--- Material for the task Enclosed Below ---
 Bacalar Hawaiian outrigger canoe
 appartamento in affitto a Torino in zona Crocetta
--- End of Enclosed Material for the task ---
--- Material for the task Enclosed Below ---
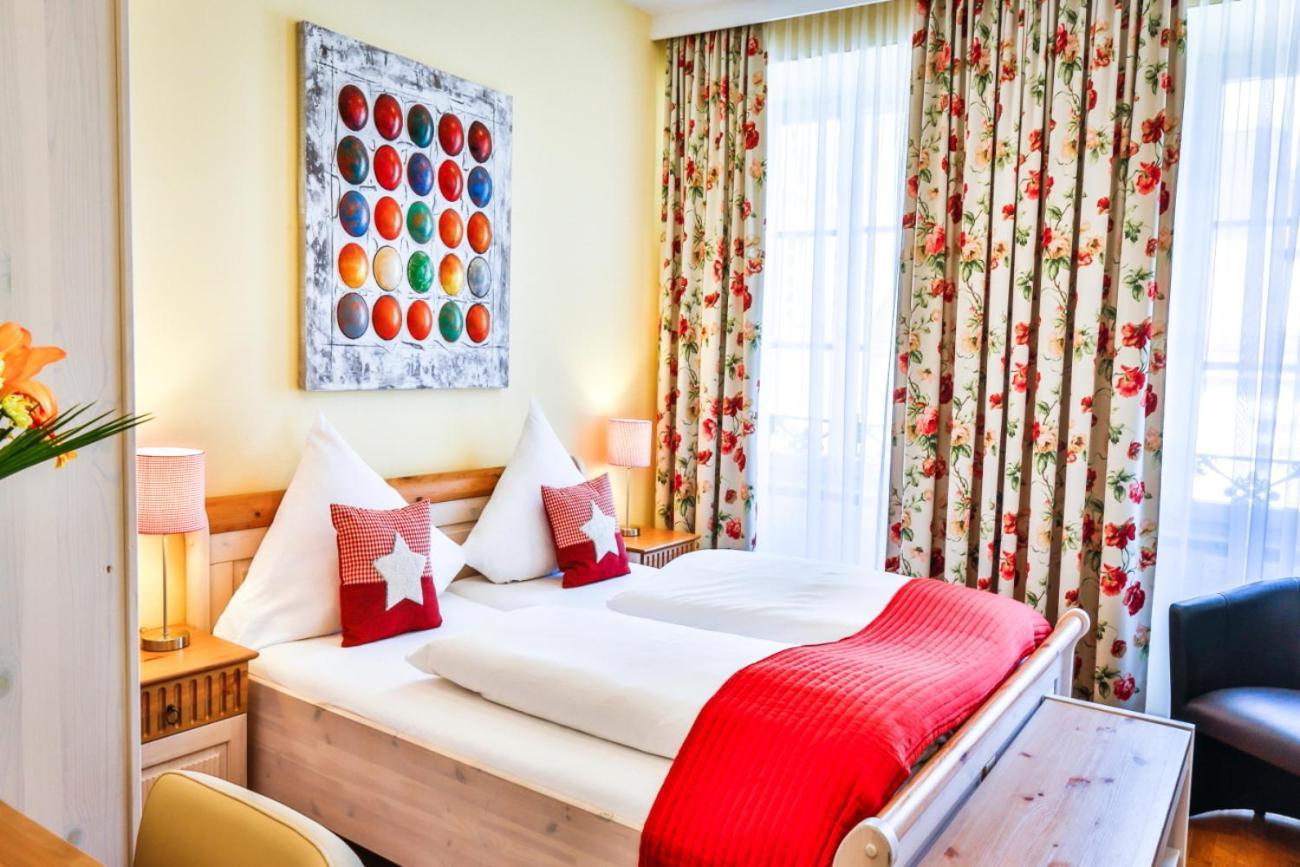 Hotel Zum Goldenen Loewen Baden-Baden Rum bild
--- End of Enclosed Material for the task ---
Assignment: In your answer, include only the lines above starting at the line that holds "Bacalar Hawaiian outrigger canoe" and ending at the line that holds "appartamento in affitto", copied exactly.

Result:
 Bacalar Hawaiian outrigger canoe
 appartamento in affitto a Torino in zona Crocetta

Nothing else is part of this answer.